The Trump administration sued Denver and its police department Tuesday, seeking to overturn the city’s 1989 assault weapons ban.
The administration said the ban violated the Second Amendment. It also has threatened to sue Colorado over its statewide ban on large-capacity ammunition magazines, adopted after the 2012 Aurora movie theater shooting.
“The Constitution is not a suggestion and the Second Amendment is not a second-class right,” acting Attorney General Todd Blanche said in a statement. “Denver’s ban on commonly owned semi-automatic rifles directly violates the right to bear arms.”
Justice Department lawyers had asked Denver last week to stop enforcing the ban and negotiate with federal officials. At a Monday news conference, Mayor Mike Johnston and Police Chief Ron Thomas said the city would not comply.
“Our answer is hell no,” Johnston said. “No, we will not roll back a common sense policy that has kept weapons of war off of these city streets for 37 years. No, we will not put first responders at greater risk every time they respond to a dangerous incident No, we will not go back to a time when folks are worried about walking into movie theaters or grocery stores or public elementary schools.”
Denver adopted the ban amid concern over gun violence. Since then, Colorado has had several mass shootings, including the 1999 Columbine High School attack that killed 14 people, the 2012 Aurora theater shooting that killed 12 and injured 70, the 2021 Boulder supermarket shooting that killed 10, and the 2022 attack at an LGBTQ nightclub in Colorado Springs that killed five.
Thomas said he joined the department the year the ban was adopted and that it had helped address gun violence.
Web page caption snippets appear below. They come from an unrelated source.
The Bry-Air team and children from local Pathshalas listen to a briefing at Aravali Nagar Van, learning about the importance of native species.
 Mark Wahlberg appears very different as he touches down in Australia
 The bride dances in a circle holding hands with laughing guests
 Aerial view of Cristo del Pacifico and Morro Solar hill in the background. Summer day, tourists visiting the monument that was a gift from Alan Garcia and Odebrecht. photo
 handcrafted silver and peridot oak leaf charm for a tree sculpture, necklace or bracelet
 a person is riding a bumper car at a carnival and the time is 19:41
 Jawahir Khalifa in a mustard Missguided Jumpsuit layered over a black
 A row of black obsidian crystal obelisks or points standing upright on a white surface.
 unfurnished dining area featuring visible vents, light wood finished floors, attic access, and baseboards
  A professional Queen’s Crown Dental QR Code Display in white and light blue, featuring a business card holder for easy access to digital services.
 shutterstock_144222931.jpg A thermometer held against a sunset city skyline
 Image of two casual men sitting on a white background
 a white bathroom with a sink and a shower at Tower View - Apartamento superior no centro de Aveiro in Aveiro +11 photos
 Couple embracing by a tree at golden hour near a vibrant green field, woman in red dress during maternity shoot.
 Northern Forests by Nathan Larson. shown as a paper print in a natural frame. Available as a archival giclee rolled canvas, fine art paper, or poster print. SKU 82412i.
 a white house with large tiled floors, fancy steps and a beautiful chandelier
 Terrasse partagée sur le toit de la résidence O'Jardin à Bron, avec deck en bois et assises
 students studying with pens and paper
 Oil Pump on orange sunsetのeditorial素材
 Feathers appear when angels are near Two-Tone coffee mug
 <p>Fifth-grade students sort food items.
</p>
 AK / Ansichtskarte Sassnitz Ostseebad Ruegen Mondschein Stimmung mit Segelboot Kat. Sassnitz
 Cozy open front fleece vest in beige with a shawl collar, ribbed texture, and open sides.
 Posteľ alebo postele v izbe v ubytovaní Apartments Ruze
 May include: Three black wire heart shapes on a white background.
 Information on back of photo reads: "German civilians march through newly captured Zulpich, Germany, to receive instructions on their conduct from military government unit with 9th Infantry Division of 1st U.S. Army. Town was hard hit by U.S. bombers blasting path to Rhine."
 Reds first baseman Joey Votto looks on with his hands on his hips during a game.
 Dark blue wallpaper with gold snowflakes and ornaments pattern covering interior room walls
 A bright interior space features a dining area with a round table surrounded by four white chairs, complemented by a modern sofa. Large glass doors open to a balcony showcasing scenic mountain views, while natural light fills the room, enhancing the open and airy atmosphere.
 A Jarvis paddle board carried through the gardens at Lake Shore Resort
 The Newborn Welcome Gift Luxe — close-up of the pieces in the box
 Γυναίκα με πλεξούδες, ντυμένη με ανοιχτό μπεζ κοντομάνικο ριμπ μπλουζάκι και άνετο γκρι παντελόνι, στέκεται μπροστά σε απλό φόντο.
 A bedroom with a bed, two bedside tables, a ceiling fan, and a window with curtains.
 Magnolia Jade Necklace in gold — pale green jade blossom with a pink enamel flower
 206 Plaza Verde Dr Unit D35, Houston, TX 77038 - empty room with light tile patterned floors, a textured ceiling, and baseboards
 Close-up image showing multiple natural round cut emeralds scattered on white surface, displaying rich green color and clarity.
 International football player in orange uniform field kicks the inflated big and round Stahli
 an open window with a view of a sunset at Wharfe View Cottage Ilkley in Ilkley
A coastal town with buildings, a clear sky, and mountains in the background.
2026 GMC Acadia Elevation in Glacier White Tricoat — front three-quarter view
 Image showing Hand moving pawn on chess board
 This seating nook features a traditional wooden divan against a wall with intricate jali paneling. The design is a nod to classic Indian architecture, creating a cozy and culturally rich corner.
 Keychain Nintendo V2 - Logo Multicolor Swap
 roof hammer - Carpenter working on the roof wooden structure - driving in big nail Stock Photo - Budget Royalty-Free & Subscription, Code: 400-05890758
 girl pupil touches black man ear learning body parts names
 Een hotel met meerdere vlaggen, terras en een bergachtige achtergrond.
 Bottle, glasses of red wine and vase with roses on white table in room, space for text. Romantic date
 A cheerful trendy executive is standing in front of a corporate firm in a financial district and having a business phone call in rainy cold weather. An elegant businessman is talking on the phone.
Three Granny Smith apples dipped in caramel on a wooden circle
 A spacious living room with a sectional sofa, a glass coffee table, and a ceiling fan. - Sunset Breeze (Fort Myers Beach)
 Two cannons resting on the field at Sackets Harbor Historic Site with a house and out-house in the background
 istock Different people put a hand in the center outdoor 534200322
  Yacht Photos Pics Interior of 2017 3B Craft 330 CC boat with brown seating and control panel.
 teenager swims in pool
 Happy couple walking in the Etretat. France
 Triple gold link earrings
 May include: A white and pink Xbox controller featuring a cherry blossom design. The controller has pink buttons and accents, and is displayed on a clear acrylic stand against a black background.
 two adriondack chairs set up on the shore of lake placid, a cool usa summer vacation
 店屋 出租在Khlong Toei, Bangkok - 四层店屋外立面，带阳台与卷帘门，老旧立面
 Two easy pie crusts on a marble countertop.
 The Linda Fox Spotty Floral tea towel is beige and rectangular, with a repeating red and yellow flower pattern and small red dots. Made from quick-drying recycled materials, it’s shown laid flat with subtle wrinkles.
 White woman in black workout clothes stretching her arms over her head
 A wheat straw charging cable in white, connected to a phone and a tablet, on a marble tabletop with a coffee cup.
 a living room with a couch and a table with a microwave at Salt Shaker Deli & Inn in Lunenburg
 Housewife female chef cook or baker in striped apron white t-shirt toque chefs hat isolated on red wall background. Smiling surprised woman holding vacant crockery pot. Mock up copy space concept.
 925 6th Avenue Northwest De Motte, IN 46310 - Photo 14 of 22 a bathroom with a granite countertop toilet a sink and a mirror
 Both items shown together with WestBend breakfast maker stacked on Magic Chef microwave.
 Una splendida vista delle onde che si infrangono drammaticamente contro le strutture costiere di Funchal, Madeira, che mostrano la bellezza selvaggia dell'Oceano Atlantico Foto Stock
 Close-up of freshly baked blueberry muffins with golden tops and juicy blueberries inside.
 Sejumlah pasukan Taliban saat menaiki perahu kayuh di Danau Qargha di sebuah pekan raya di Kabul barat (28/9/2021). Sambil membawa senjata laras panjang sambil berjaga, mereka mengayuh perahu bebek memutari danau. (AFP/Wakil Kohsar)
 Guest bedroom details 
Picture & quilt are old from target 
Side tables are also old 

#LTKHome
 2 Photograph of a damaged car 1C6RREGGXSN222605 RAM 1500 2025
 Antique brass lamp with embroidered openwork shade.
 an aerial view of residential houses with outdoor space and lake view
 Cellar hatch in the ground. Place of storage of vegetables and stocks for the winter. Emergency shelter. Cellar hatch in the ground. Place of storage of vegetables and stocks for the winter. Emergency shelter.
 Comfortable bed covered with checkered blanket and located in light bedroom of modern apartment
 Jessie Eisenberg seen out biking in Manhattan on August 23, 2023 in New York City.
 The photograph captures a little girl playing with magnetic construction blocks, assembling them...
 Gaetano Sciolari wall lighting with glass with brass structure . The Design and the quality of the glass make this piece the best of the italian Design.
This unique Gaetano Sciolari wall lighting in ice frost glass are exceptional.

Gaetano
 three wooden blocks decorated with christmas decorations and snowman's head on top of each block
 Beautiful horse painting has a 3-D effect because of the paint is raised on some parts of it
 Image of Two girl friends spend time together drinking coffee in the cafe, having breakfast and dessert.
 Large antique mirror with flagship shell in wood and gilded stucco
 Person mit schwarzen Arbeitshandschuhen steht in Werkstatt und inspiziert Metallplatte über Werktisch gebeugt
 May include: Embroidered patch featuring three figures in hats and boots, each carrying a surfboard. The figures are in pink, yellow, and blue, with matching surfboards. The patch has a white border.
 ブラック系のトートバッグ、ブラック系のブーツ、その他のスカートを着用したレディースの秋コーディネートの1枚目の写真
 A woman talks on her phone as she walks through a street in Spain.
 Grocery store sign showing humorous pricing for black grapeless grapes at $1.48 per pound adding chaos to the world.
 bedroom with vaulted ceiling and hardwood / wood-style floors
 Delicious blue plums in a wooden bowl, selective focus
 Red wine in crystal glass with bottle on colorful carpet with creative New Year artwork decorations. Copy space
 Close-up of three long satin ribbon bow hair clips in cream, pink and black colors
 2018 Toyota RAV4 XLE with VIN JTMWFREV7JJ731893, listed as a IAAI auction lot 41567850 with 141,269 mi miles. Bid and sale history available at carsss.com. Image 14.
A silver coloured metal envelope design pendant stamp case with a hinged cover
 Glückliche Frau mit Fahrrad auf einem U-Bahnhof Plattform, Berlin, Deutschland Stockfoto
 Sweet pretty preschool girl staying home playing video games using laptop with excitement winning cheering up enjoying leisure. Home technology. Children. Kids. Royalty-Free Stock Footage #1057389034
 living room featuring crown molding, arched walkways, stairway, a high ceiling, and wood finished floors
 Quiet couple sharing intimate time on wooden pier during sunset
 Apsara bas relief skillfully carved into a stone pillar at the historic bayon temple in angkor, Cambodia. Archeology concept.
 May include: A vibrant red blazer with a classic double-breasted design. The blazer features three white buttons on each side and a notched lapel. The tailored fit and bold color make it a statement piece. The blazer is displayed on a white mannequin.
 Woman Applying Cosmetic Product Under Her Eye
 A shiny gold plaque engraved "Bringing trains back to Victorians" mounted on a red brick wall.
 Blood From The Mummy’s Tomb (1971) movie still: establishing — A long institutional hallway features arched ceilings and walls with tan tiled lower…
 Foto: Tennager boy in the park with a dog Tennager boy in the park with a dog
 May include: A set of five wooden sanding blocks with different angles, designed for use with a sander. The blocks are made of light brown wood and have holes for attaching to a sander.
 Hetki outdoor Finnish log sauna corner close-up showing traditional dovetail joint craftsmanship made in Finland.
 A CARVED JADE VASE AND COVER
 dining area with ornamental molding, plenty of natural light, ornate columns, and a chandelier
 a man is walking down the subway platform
Of 2,100 guns recovered in Denver last year, fewer than 2% were assault-style weapons, he said.
In the lawsuit, federal officials said Denver’s ban covered AR-15-style rifles owned by at least 16 million people nationwide. Government lawyers described them as “ordinary semiautomatic rifles” used for lawful purposes, “including but not limited to self-defense.”
In an April 28 letter to state officials, the Justice Department said Colorado’s large-capacity magazine ban was unconstitutional and threatened legal action unless the state stopped enforcing it. Colorado Attorney General Phil Weiser responded that such firearms posed a major public safety threat and said the ban was reasonable.